• **Provided data**
-- Opening Marker --

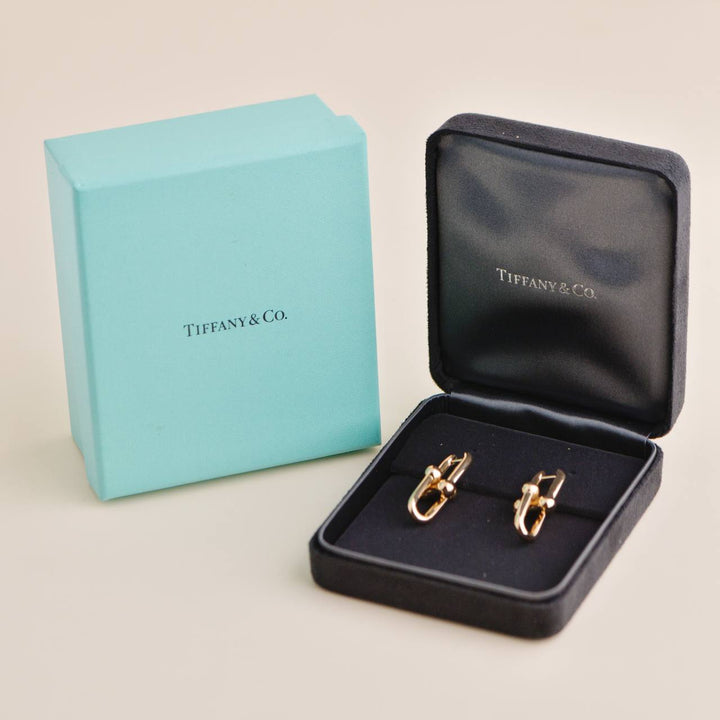 Preowned Tiffany & Co. City HardWear 18K Rose Gold Earrings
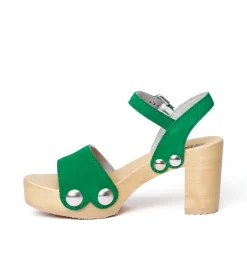 SOFTCLOX Eilyn Kaschmir Fashiongreen (Natur)-Frau Sandaletten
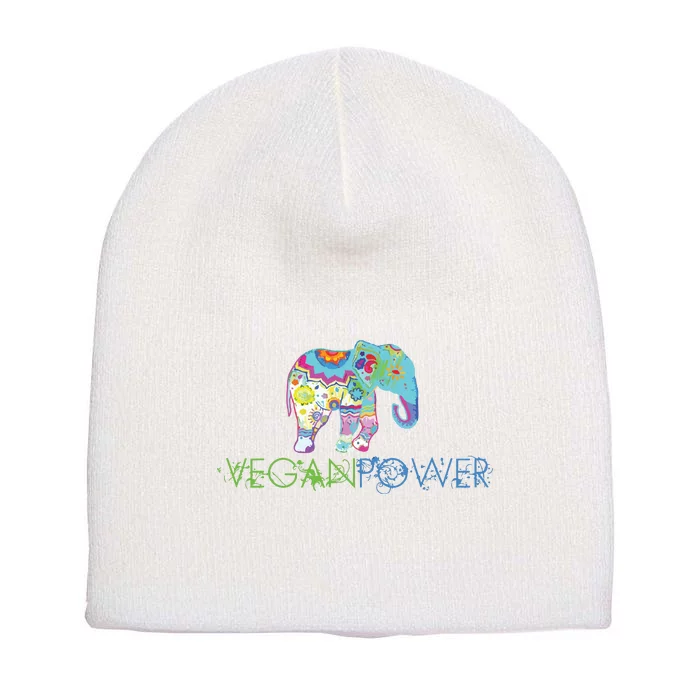 Vegan Power Vegan Shirts Vegan Activism Vegan Shirts Short Acrylic Beanie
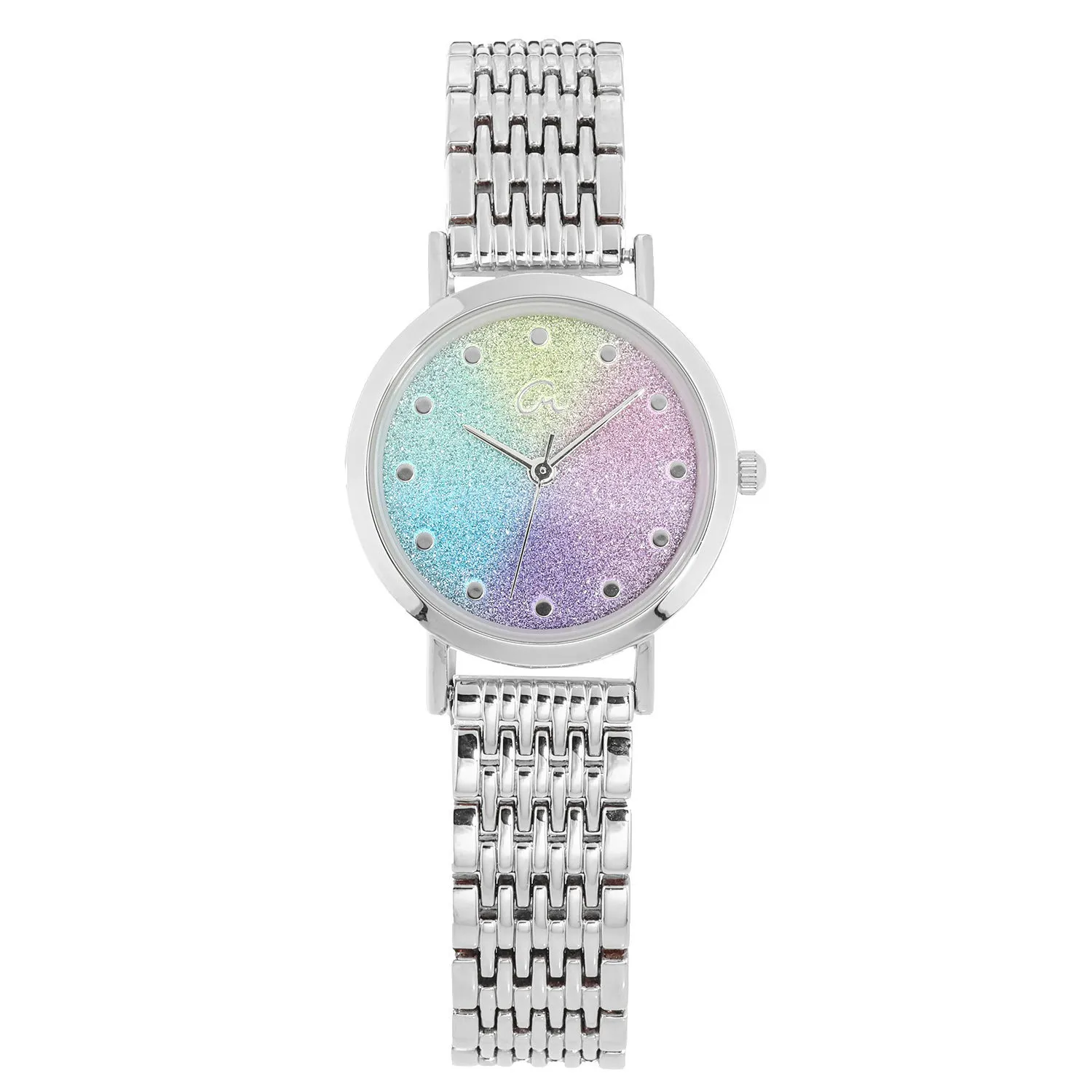 Armband-Uhr "Dusty Rainbow", Glitzerstaub-Ziffernblatt - Image 2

-- Closing Marker --

• **Task instructions**
Exclude every picture and copy the remaining data exactly.

• **Answer section**
 Preowned Tiffany & Co. City HardWear 18K Rose Gold Earrings
 SOFTCLOX Eilyn Kaschmir Fashiongreen (Natur)-Frau Sandaletten
 Vegan Power Vegan Shirts Vegan Activism Vegan Shirts Short Acrylic Beanie
 Armband-Uhr "Dusty Rainbow", Glitzerstaub-Ziffernblatt - Image 2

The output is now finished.